This paper uses historic data from the UK meteorological office to determine the historic and current Scheffer index for different regions of the UK; how they have changed between 1960 to 1990 and 1990 to present (2019); and to estimate future SCI following climate change scenarios.

Results and discussion

Historic and current data

The tridecadal data (based on 30/29 years) for all regions as determined in 1990 and 2019 is shown in Table 1. In all areas there was an increase in the index (shown as the percentage change) from 1990 to 2019. In the majority of cases the data shows statistical significant difference at the traditional p = 0.05 confidence level as determined by t-test (actual p values are shown in Table 1).

Table 1 SCI index for 1990 and 2019 based on mean 30 year data.

The decadal and tri-decadal data are shown graphically in Figs. 5 and 6 (denoted as historical data) for the regions exhibiting the highest (West Scotland) and lowest (South East England) climate indices. The data shows a general steadily fluctuating value of SCI until approximately the year 2000 when there appears to be the start of a steady and significant increasing SCI trend. In line with previous work8,14 the data shows a significant change in the SCI and the associated decay hazard over the past 30 years.
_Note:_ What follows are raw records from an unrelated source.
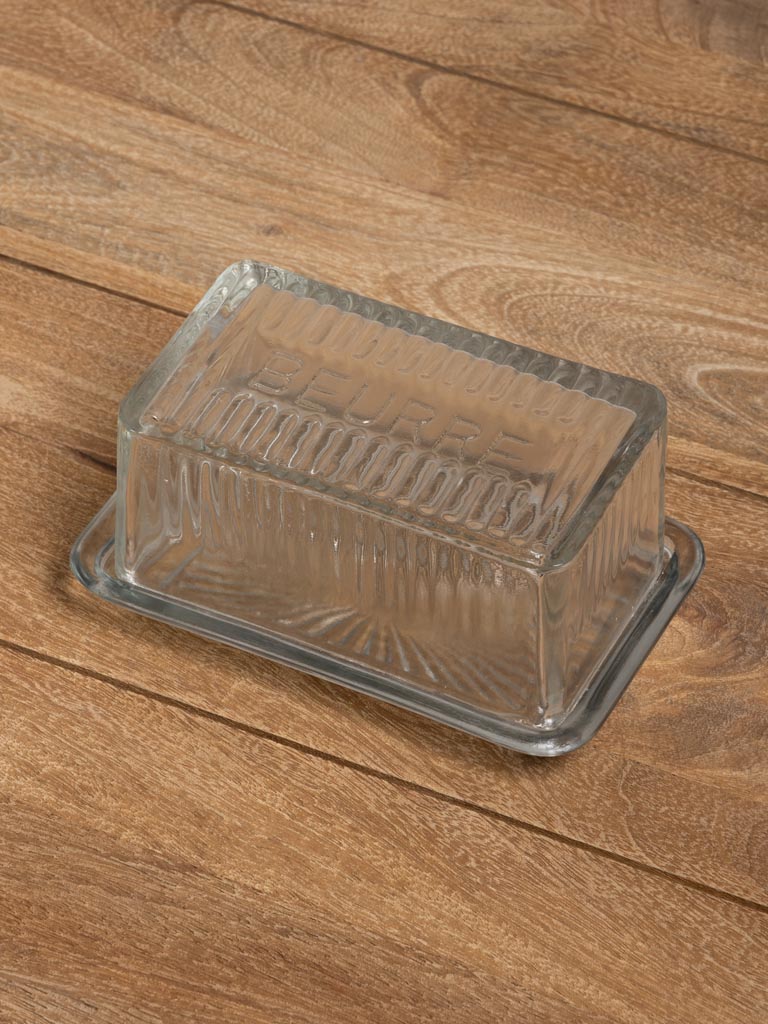 Glass butter dish Beurre - 3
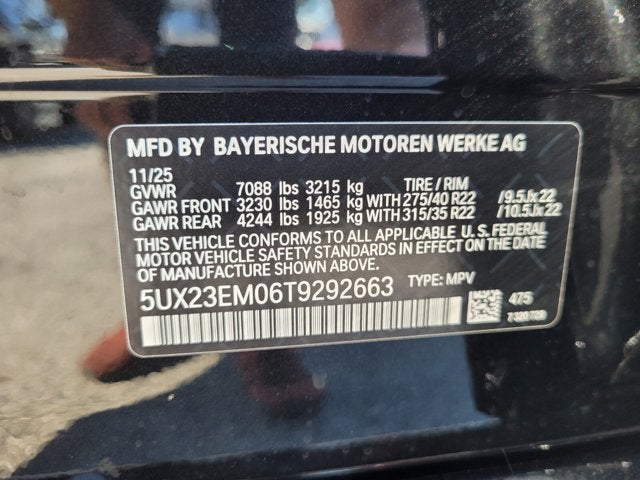 2026 BMW X7 xDrive40i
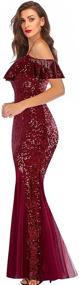 img 3 attached to ARFAR Wedding Sphagetti Mermaid Elegant Women's Clothing for Dresses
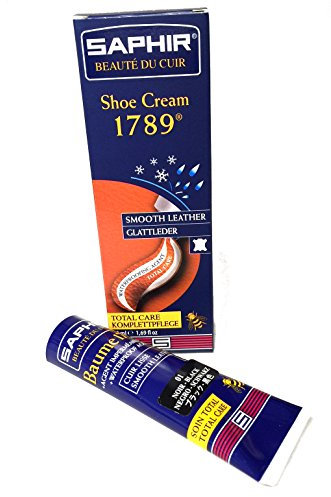 Saphir Luxe Crème Polish (50 ml Black 01)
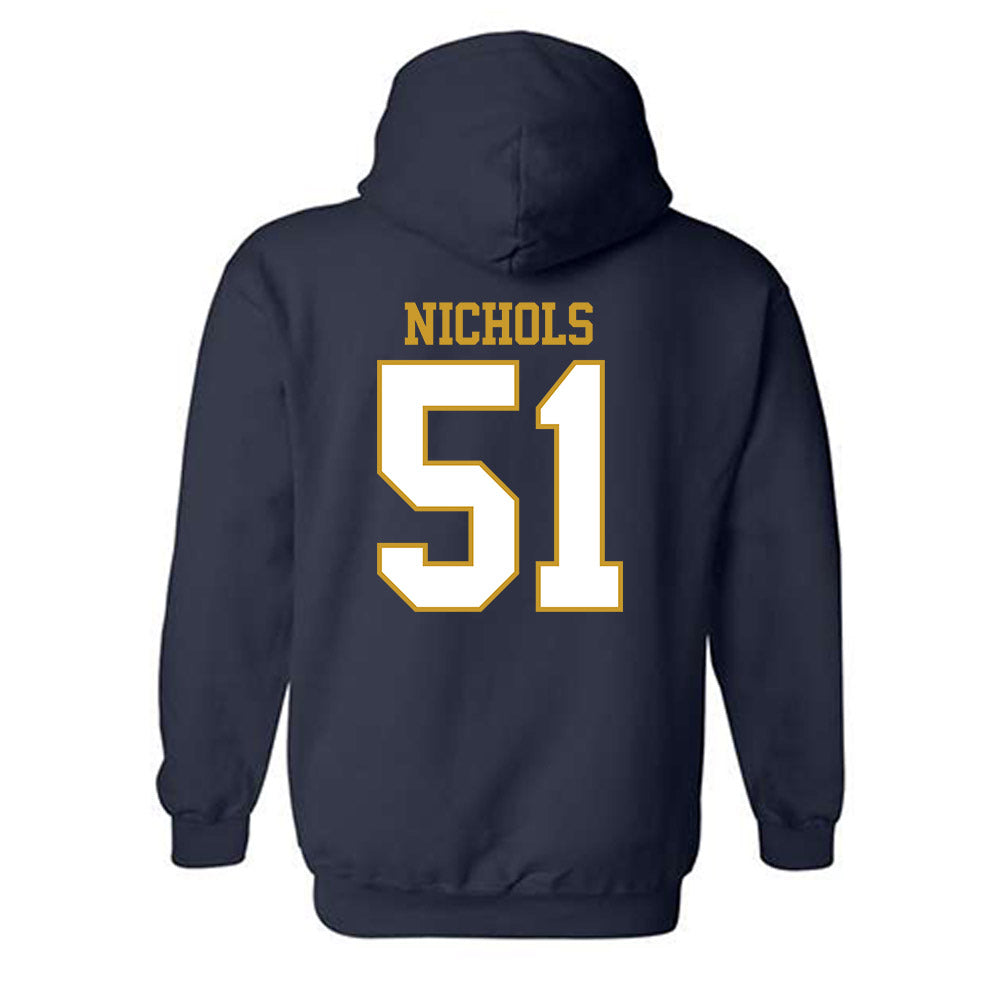 Notre Dame - NCAA Football : Ben Nichols - Generic Shersey Hooded Sweatshirt-1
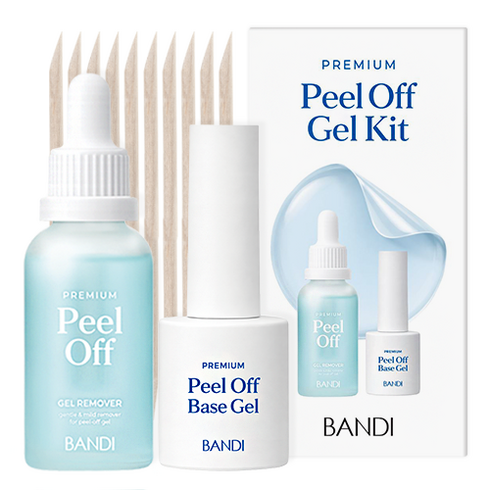 반디BANDI 프리미엄 필오프 베이스젤 + 리무버 키트 40ml 세트, 1세트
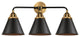 Innovations 288-3W-BAB-M13-BK-LED 3 Light Vanity Light, Black Antique Brass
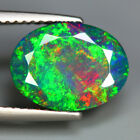 2.20 Cts_Extreme Top Fire_100 % Natural Rainbow 3D Flash Welo Solid Black Opal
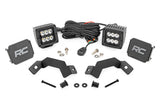 Rough Country - LED Light Kit - Ditch Mount - 2 In. Black Pair - Spot - Toyota Land Cruiser (24-25)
This implies that the decay hazard for exterior above ground wood exposure has also increased, although when using the SCI it must be remembered that localised conditions ultimately determine the decay hazard.

The data in Table 1 shows that all regions have an index rating of high hazard (SCI 65–100) in 1990. By 2019 in two of the 10 regions, West Scotland and South West England, the hazard had increased to the very high hazard category (SCI 100+).

Scheffer Climate Index projections

Climate projections made based on the 2019 data and the UK met office projections were used to project future temperature and days of rain for all regions. For brevity the graphical presentations of the mean monthly temperature and mean seasonal number of rain days for the West of Scotland and South East England (as the regions with the highest and lowest Scheffer indices) are shown in Figs. 1, 2, 3, 4. In the projections the number of rain days for RCP 8.5 is capped at 182 as this is the maximum number of days in the season.

Figure 1
figure 1

Observed and projected winter and summer (under RCP 2.6. 4.5, 6.0 and 8.5 scenarios) seasonal number of rain days for the West Scotland region.

Figure 2
figure 2

Observed and projected winter and summer (under RCP 2.6. 4.5, 6.0 and 8.5 scenarios) mean monthly temperatures for the West Scotland region.

Figure 3
figure 3

Observed and projected winter and summer (under RCP 2.6. 4.5, 6.0 and 8.5 scenarios) seasonal number of rain days for the South East England region.

Figure 4
figure 4

Observed and projected winter and summer (under RCP 2.6. 4.5, 6.0 and 8.5 scenarios) mean monthly temperatures for the South East England region.

The historical part of the data shows that the mean monthly temperature has been steadily rising for approximately the past 20 years, during both winter and summer. The data also shows an increase in winter rain that is projected to increase. For the summer season the historical data has shown an initial increase in summer rain days between 2000 and 2010 and then a decrease until 2019. This decreasing trend is projected to continue under all scenarios.

The future decadal SCI projections are shown in Fig. 5 for the West of Scotland and South East of England, representing regions with the highest and lowest SCI values, for RCP 2.6, 4.5, 6.0 and 8.5 scenarios. The graphical projections illustrate that under all scenarios there is a continuing projected increase in SCI over the next 10 to 20 years followed by stabilisation. Under the RCP 2.6 scenario this stabilisation continues until at least 2100 with no significant reduction. Under the other scenarios, however the stabilisation converts back in to a steady increase in index value after 2050 that continues until the end of the projection period (2100). Similar trends are seen for the other regions (shown graphically in the supplementary Figs S1S8).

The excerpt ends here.